A recent study in vitro demonstrated that a major lipofuscin component, A2E, serves as a retinoic acid receptor ligand. The current study investigated the effects of A2E on retinal pigment epithelial (RPE) cells in vivo and was performed to extend the understanding of the effects of A2E. Firstly, subretinal injection of A2E was performed and 3 weeks after the injection, and it was demonstrated that subretinal injection of A2E induced RPE cell death, and concomitant upregulation of vascular endothelial growth factor (VEGF) in the RPE and choroid. The upregulation of VEGF was attenuated by an RARalpha antagonist.

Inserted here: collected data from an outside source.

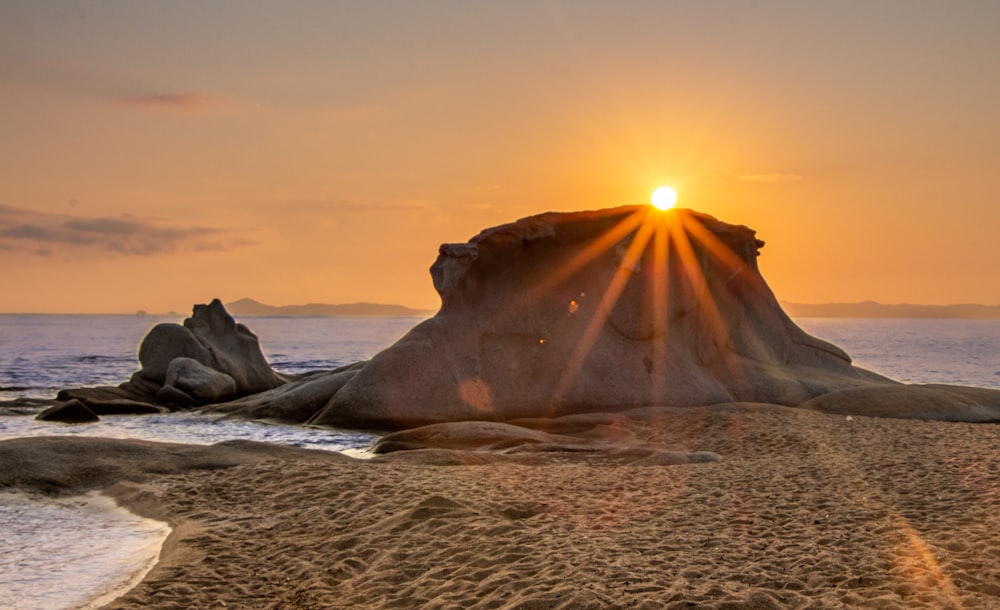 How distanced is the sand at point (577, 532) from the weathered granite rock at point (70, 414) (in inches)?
353

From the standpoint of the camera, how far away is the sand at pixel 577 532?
21.9 ft

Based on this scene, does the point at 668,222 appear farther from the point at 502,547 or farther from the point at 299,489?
the point at 502,547

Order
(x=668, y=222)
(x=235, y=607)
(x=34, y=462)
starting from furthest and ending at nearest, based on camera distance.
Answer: (x=668, y=222)
(x=34, y=462)
(x=235, y=607)

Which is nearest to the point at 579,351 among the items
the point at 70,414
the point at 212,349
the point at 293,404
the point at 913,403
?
the point at 293,404

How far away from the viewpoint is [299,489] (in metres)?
11.1

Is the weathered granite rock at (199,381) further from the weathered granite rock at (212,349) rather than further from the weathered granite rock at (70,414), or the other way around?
the weathered granite rock at (70,414)

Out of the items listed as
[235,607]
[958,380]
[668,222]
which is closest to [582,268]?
[668,222]

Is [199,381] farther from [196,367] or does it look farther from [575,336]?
[575,336]

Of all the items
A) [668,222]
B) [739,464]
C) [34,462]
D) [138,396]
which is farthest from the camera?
[138,396]

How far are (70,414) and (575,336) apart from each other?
39.4 feet

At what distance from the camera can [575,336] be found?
71.2 feet

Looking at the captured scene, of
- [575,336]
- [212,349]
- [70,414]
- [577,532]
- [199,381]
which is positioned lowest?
[70,414]

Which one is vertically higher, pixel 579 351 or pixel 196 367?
pixel 579 351

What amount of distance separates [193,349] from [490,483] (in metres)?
18.6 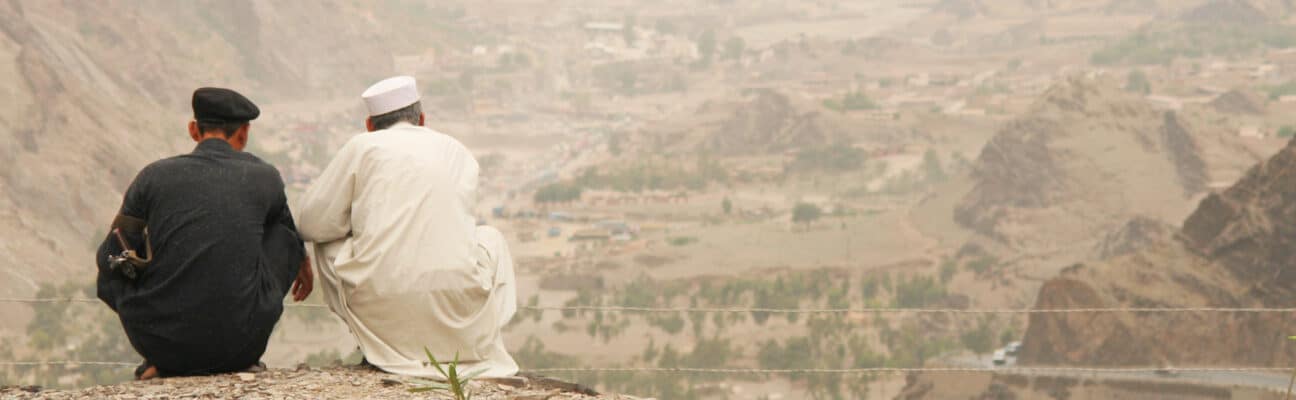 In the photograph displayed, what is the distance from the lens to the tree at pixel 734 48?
76750 millimetres

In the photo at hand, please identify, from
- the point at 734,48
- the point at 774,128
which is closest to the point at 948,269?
the point at 774,128

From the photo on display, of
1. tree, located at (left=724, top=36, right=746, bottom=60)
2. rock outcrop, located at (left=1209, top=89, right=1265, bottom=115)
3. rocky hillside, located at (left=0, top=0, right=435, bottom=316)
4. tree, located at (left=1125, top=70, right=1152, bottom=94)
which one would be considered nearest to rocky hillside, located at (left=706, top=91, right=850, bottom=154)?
tree, located at (left=1125, top=70, right=1152, bottom=94)

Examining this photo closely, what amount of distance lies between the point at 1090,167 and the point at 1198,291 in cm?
2150

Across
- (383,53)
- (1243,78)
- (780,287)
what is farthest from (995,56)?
(780,287)

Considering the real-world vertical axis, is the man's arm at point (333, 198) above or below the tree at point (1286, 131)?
below

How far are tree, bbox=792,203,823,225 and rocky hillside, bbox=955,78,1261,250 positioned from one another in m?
4.33

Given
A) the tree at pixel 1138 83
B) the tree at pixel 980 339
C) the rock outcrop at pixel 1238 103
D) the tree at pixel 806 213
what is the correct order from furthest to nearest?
the tree at pixel 1138 83 < the rock outcrop at pixel 1238 103 < the tree at pixel 806 213 < the tree at pixel 980 339

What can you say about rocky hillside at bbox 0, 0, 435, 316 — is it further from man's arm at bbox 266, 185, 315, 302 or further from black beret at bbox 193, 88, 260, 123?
black beret at bbox 193, 88, 260, 123

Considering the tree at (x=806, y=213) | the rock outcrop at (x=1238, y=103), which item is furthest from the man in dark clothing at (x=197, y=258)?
the rock outcrop at (x=1238, y=103)

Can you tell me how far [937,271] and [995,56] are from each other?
1595 inches

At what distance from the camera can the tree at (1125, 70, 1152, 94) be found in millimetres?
56188

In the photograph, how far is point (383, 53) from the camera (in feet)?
220

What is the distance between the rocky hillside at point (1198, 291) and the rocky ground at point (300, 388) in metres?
12.6

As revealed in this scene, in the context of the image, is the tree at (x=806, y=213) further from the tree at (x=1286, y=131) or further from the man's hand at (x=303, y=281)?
the man's hand at (x=303, y=281) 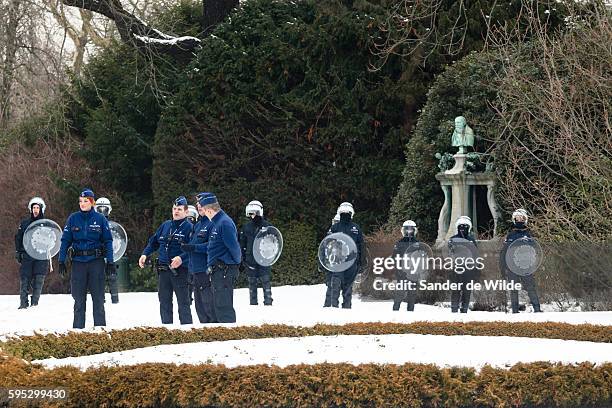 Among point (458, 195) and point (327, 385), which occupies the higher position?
point (458, 195)

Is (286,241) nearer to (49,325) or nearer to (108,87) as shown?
(108,87)

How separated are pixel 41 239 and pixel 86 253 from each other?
17.9ft

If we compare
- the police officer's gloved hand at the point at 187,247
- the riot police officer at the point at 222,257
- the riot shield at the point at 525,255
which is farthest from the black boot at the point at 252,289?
the riot police officer at the point at 222,257

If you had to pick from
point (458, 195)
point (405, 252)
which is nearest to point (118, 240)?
point (405, 252)

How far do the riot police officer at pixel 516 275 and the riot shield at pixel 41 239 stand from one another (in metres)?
6.91

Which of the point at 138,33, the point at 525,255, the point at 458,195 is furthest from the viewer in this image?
the point at 138,33

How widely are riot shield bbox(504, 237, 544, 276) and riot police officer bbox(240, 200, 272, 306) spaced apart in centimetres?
397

Next we performed laser photocoagulation in mice that accumulated A2E either after subretinal injection, by Ccl2 gene knockout or by aging demonstrated that mice that accumulated A2E in the RPE, which showed higher rates of choroidal neobascularization (CNV) formation after weak laser injury than the controls and the formation of CNV was inhibited by an RARalpha antagonist in all models tested. The data suggest that A2E accumulation induces RPE cell death, and concomitant increase of VEGF. Accumulation of A2E alone is not sufficient to induce CNV in vivo, but induces the expression of VEGF in RPE and choroid. The mice that accumulated A2E in RPE cells are vulnerable to CNV development via RAR activation, at least in part.